## EXERCISE
Reproduce only the lines that run from the line with "Sweet Collection Washi" to the last line of the material, both ends included, exactly as they appear.

## RECORDS
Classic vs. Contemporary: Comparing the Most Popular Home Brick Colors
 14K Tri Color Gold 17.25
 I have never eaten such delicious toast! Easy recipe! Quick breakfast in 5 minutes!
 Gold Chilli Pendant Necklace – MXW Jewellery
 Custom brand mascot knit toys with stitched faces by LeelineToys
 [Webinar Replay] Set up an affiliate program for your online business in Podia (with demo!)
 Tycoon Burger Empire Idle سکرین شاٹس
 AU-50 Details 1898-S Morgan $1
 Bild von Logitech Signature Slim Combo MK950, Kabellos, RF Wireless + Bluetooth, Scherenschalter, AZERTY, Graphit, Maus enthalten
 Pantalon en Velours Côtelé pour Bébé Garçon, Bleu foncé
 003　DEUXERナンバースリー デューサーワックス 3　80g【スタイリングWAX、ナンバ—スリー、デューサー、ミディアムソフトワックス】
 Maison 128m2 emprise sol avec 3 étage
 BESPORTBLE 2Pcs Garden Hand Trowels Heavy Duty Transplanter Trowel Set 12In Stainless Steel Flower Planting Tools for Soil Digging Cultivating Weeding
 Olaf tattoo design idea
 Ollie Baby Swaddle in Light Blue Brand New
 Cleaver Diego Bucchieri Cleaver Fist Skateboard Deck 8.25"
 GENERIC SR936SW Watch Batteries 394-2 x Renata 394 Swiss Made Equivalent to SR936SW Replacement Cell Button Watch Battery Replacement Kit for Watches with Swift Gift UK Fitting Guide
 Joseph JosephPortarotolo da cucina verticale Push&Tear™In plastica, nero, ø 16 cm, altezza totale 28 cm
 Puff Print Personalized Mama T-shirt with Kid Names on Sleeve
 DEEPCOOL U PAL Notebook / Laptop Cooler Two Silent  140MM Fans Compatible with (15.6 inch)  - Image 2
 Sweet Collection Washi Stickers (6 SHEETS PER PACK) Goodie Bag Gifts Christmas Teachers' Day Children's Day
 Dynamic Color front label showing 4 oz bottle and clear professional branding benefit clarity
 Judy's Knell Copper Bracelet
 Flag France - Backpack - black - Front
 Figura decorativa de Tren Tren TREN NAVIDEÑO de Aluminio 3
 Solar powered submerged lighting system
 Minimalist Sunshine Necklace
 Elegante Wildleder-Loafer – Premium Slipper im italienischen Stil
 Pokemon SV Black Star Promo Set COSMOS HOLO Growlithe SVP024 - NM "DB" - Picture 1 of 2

## SOLUTION FOR THIS TASK
 Sweet Collection Washi Stickers (6 SHEETS PER PACK) Goodie Bag Gifts Christmas Teachers' Day Children's Day
 Dynamic Color front label showing 4 oz bottle and clear professional branding benefit clarity
 Judy's Knell Copper Bracelet
 Flag France - Backpack - black - Front
 Figura decorativa de Tren Tren TREN NAVIDEÑO de Aluminio 3
 Solar powered submerged lighting system
 Minimalist Sunshine Necklace
 Elegante Wildleder-Loafer – Premium Slipper im italienischen Stil
 Pokemon SV Black Star Promo Set COSMOS HOLO Growlithe SVP024 - NM "DB" - Picture 1 of 2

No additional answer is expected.